Case Study 2: Paying Down AI Debt

A Team's 3-Month Plan to Reduce Technical Debt in Their AI-Generated Codebase

Background

CloudTrack is a project management SaaS application built by a five-person engineering team over eight months. The team adopted AI coding assistants early in development and used them heavily throughout. The application includes task management, time tracking, team collaboration features, reporting dashboards, and integrations with Slack, GitHub, and Google Calendar.

At the eight-month mark, CloudTrack had 62,000 lines of Python backend code and 45,000 lines of React/TypeScript frontend code. The team's velocity had declined from an average of 18 story points per sprint (in months 1-4) to 9 story points per sprint (in months 7-8). Bug density had tripled. The engineering manager, Ravi, initiated a technical debt assessment.

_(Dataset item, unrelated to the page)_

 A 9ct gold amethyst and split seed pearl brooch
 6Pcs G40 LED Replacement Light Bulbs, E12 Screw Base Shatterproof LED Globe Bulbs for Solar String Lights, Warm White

The assessment identified 83 debt items with an estimated total remediation effort of 68 developer-days. Rather than halt feature development entirely, Ravi designed a three-month remediation plan that balanced debt reduction with continued feature delivery.

The Starting State

Before describing the plan, here is where CloudTrack stood at Month 8:

Quantitative Metrics:

Metric Value Target
Average cyclomatic complexity 16.4 < 10
Code duplication 14.7% < 5%
Pattern consistency (backend) 48% > 85%
Pattern consistency (frontend) 62% > 85%
Test coverage (backend) 52% > 80%
Test coverage (frontend) 34% > 70%
Build time 18 minutes < 5 minutes
Dependencies with known CVEs 4 0
Unused dependencies 11 0

Qualitative Issues:

  • Five different error handling patterns in the backend.
  • The "task" module alone had 4,200 lines in a single file.
  • Three different state management approaches on the frontend (Redux, Context API, and local state for similar use cases).
  • No coding conventions document existed. Developers gave the AI assistant whatever context they thought of in the moment.
  • The CI pipeline had no quality gates — all checks were advisory, and failing checks did not block merges.

Team Morale:

In anonymous surveys, four of five developers reported frustration with the codebase. Common themes included: "I am afraid to touch certain modules," "I spend more time understanding existing code than writing new code," and "Every bug fix creates a new bug." One developer was actively considering leaving the team.

The Three-Month Plan

Ravi worked with the team to design a plan organized into three phases, each lasting one month. The plan allocated 30% of team capacity to debt reduction in Month 1, 25% in Month 2, and 20% in Month 3, with the remaining capacity dedicated to feature development.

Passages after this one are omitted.